**What needs to be done:**
Look in the listing below for the line that has "GM 15927328 Armrest", then return it and each following line up to and including the one with "L'homme présente un", exactly and without pictures.

**Supplied records:**
########
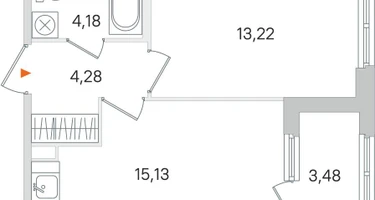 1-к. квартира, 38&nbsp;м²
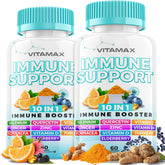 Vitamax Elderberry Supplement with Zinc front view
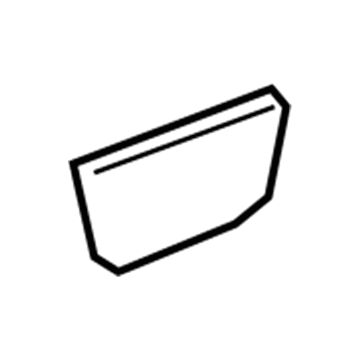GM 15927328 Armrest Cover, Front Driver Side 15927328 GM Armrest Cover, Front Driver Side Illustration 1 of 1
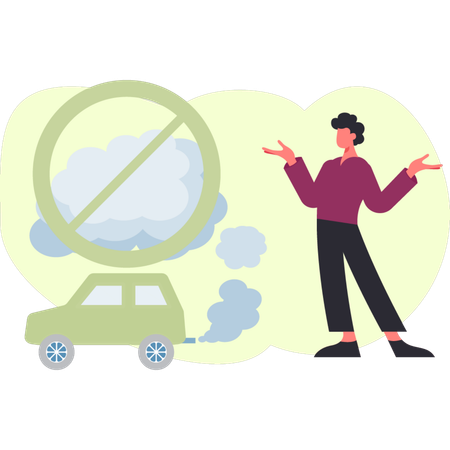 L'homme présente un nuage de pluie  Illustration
########
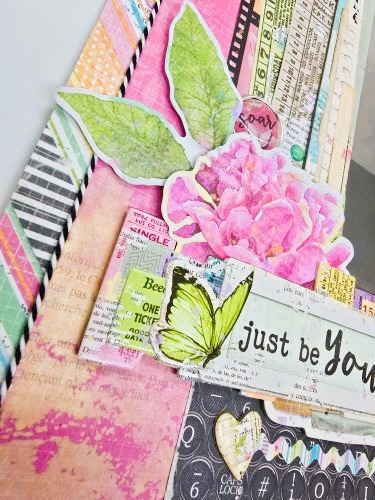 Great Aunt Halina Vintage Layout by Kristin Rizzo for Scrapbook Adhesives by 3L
########
**Response box:**
GM 15927328 Armrest Cover, Front Driver Side 15927328 GM Armrest Cover, Front Driver Side Illustration 1 of 1
 L'homme présente un nuage de pluie  Illustration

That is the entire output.